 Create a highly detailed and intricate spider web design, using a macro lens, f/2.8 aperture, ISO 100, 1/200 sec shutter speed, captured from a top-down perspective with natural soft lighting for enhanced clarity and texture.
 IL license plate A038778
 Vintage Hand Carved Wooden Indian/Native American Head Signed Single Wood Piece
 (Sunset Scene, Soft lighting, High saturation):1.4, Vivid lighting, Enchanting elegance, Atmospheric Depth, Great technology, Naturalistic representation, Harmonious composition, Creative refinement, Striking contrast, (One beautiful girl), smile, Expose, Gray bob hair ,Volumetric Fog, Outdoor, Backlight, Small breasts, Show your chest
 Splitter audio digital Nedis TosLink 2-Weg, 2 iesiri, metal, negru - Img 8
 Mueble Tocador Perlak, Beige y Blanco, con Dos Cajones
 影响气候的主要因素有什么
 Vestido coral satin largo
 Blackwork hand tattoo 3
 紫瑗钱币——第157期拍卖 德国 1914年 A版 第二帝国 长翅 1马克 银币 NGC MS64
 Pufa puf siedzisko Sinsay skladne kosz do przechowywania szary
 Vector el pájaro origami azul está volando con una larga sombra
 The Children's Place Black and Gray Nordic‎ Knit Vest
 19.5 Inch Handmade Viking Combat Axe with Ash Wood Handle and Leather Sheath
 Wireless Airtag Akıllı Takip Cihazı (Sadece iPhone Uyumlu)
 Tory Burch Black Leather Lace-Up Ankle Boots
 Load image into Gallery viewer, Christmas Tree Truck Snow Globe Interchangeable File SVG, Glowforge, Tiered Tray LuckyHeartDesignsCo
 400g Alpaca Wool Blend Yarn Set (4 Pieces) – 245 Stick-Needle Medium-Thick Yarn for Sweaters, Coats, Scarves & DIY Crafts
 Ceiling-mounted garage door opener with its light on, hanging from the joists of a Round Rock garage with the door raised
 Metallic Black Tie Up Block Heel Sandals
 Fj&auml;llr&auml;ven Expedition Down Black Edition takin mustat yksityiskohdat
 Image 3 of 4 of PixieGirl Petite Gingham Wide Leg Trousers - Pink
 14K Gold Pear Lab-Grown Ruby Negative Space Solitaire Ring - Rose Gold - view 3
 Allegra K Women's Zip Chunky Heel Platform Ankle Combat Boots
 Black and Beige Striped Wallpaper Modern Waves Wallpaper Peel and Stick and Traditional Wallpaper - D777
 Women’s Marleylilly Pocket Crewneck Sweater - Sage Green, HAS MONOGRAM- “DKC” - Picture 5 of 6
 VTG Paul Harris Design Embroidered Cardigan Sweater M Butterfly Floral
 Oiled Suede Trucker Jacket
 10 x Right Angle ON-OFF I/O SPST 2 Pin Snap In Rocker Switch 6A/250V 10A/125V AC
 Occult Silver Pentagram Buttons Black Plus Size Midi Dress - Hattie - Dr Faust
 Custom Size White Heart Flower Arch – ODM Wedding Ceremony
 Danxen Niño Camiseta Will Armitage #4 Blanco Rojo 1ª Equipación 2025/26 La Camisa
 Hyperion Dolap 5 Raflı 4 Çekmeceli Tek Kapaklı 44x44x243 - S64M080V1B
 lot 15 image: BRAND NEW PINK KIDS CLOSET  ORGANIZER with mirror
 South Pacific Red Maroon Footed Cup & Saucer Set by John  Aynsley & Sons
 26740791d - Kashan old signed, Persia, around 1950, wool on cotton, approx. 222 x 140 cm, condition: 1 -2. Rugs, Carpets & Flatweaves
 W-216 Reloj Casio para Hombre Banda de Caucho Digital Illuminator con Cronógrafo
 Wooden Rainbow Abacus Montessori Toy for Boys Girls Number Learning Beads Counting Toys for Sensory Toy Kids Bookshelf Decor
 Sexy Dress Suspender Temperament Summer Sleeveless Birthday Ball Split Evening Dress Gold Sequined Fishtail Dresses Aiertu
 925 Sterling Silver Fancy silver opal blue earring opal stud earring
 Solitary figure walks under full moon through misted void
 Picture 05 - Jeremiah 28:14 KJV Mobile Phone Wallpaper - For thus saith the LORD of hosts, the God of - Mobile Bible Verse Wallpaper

──────────────────────────────

**WORK INSTRUCTIONS:** Emit an exact copy of the lines spanning the start of the records to the line containing "19.5 Inch Handmade", inclusive, and no other output.

**ANSWER FOR THE TASK:**
 Create a highly detailed and intricate spider web design, using a macro lens, f/2.8 aperture, ISO 100, 1/200 sec shutter speed, captured from a top-down perspective with natural soft lighting for enhanced clarity and texture.
 IL license plate A038778
 Vintage Hand Carved Wooden Indian/Native American Head Signed Single Wood Piece
 (Sunset Scene, Soft lighting, High saturation):1.4, Vivid lighting, Enchanting elegance, Atmospheric Depth, Great technology, Naturalistic representation, Harmonious composition, Creative refinement, Striking contrast, (One beautiful girl), smile, Expose, Gray bob hair ,Volumetric Fog, Outdoor, Backlight, Small breasts, Show your chest
 Splitter audio digital Nedis TosLink 2-Weg, 2 iesiri, metal, negru - Img 8
 Mueble Tocador Perlak, Beige y Blanco, con Dos Cajones
 影响气候的主要因素有什么
 Vestido coral satin largo
 Blackwork hand tattoo 3
 紫瑗钱币——第157期拍卖 德国 1914年 A版 第二帝国 长翅 1马克 银币 NGC MS64
 Pufa puf siedzisko Sinsay skladne kosz do przechowywania szary
 Vector el pájaro origami azul está volando con una larga sombra
 The Children's Place Black and Gray Nordic‎ Knit Vest
 19.5 Inch Handmade Viking Combat Axe with Ash Wood Handle and Leather Sheath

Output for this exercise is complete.